Coulour display tube

Description

[0001] The invention relates to a method for assembling an "in-line" type electron gun system for generating three electron beams situated with their axes in one plane, which system comprises at least one focussing lens for each beam for focussing the electron beams on a display screen, in which the lens electrodes of the focussing lens are common to the three electron beams and comprise each a plate shaped part which has a central aperture and comprises a first and a second side aperture situated symmetrically with respect to the central aperture and through which apertures the three electron beams pass.

[0002] Such a method is known from European Patent Application EP-A-0019975 (PHN 9468) laid open to public inspection. The focusing lenses of the integrated electron gun system shown in said Patent Application comprises two lens electrodes each consisting of a few electrode components. The two parts of the lens electrodes between which the focusing lenses are formed in the operating display tube by applying a suitable potential difference each consist of a cup-shaped part the bottom of which has a central aperture and a first and a second side aperture, through which apertures the electron beams pass. Moreover, each aperture comprises a collar. The diameters of the apertures in the oppositely located parts of the first and second lens electrodes are different.

[0003] The sharpness of the spot on the display screen of such tubes often leaves much to be desired. This is the result of astigmatism which results in a non-circular spot or haze around the spot. Said astigmatism is formed by errors in the manufacture of the lens electrodes, for example, the non-circularity of the apertures.

[0004] It is therefore an object of the invention to provide a method for assembling an in-line type electron gun system which leads to a considerable reduction of astigmatism errors.

[0005] For that purpose, according to the invention, a method of the kind described in the opening paragraph is characterized in that the identical plate-shaped parts, including apertures, are manufactured by means of the same manufacturing tool and are mounted in the gun system with their corresponding surfaces facing each other and with first and second side apertures manufactured by the same respective parts of the tool opposite to each other. The plate-shaped parts are identical as regards design, production period and manufacturing tool.

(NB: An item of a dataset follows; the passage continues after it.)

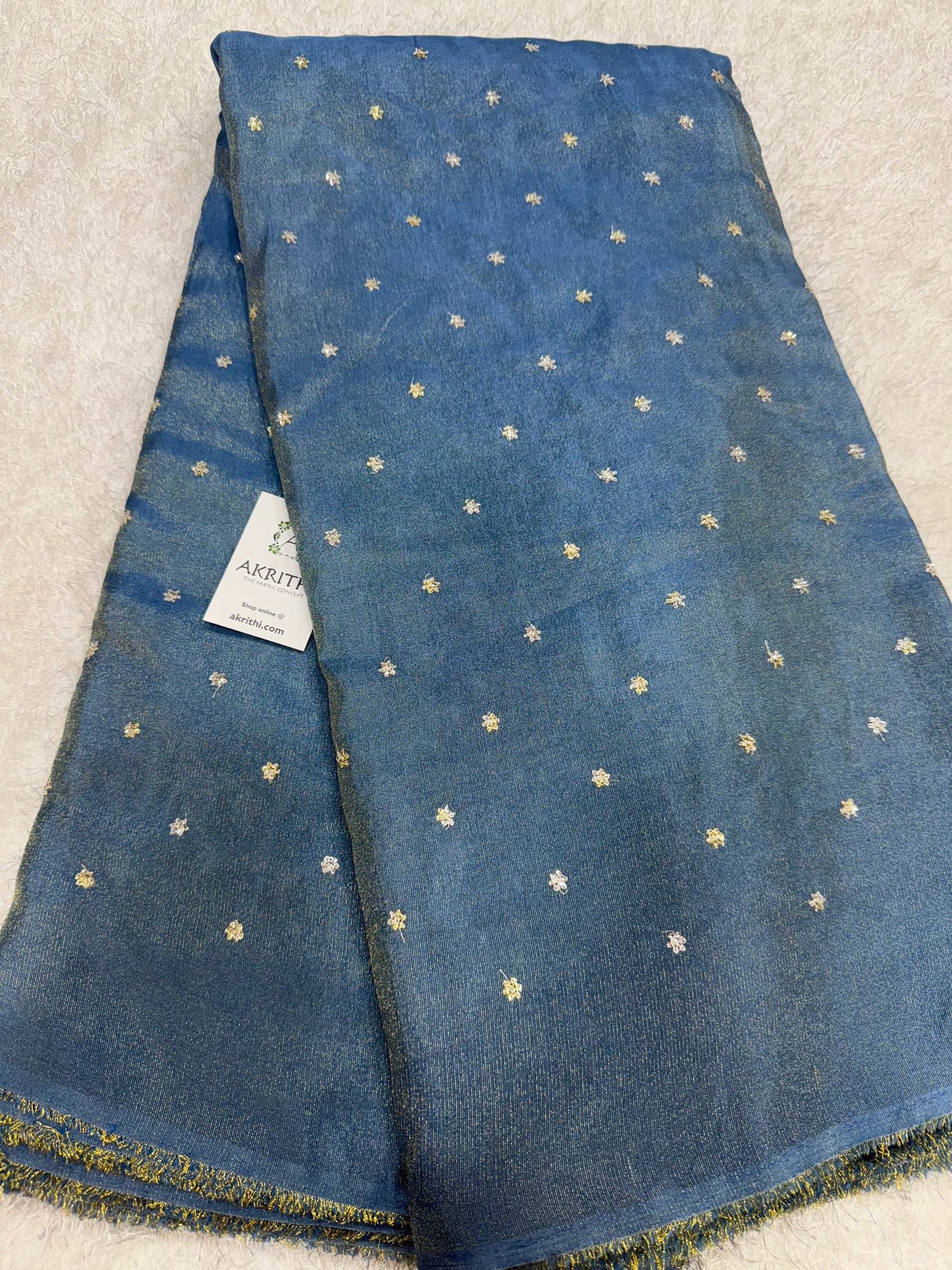 Sequins on tissue fabric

[0006] The invention is based on the experimentally gained recognition that the main cause of the astigmatism is the non-circularity of the apertures in the lens electrodes. Furthermore, errors in the second lens electrode have a greater adverse influence on the electron beam and hence on the spot than similar errors in the first lens electrode. It also holds that the spreading of the mechanical errors in a group of lens electrodes manufactured by means of the same toot is small. According to the invention, by providing identical components for the lens electrodes in the above-described manner opposite to each other it is achieved that the deviations of the oppositely located apertures are approximately equally large. As a result of this the influence of the electron beams for both lens electrodes also is approximately equally large, but of opposite sign, as a result of which the overall remaining astigmatism becomes small.

[0007] Because the distance between the centres of the central aperture and side apertures for the first and second lens electrodes are equal, the static convergence must be realized in a different manner. This may be done in known manner by deflecting the outermost electron beams in the triode part of the electron gun system and causing them to pass through the centre of the focusing lenses.

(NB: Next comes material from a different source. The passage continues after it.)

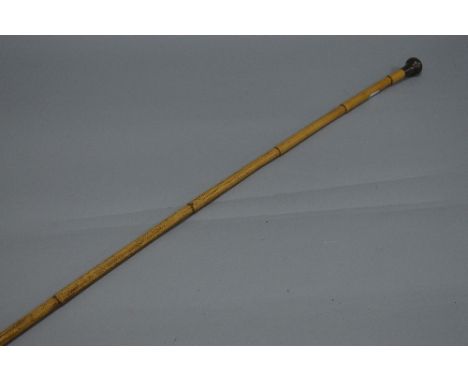 A BAMBOO MILITARY SWAGGER STICK, with hallmarked silver top, good condition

[0008] In the electron gun system according to the invention the remaining astigmatism is always negative. In practice, however, no or only a small positive astigmatism is desired. This can be obtained by means of an extra field correction element as described, for example, in Netherlands Patent Application 8203322 (PHN 10,422) of even date which may be considered to be incorporated herein by reference, or, for example, by means of separate extra collars extending from the apertures in the lens electrodes.

[0009] The plate-shaped parts with apertures preferably form the bottom of two substantially identical cup-shaped lens electrodes.

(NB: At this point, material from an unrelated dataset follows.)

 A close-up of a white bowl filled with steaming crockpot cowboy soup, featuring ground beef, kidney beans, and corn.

[0010] It is also possible for the apertures in the plate-shaped parts to communicate with each other so that no O.L.F. electron lens is formed (O.L.F. = Overlapping Lens Field). Such an O.L.F. electron lens is described inter alia in Netherlands Patent Application 8203321 (PHN 10,423) of even date which may be considered to be incorporated herein by reference.

[0011] Identical lens components can be manufactured by manufacturing them in a certain production period by means of the same tool. In order to prevent errors in assembling, the lens electrode components may be provided with a mark. Always two lens electrode components are taken from the group of lens electrode components manufactured by means of the same tool and are positioned opposite to each other and assembled in the electron gun system in the manner according to the invention.

[0012] The invention will now be described in greater detail, by way of example, with reference to a drawing, in which

Figure 1 is a longitudinal sectional view of a colour display tube according to the invention,

Figure 2 is a perspective exploded view of an embodiment of an electron gun system as used in the Figure 1 tube, and

Figure 3 is a longitudinal sectional view of the electron gun system shown in Figure 2.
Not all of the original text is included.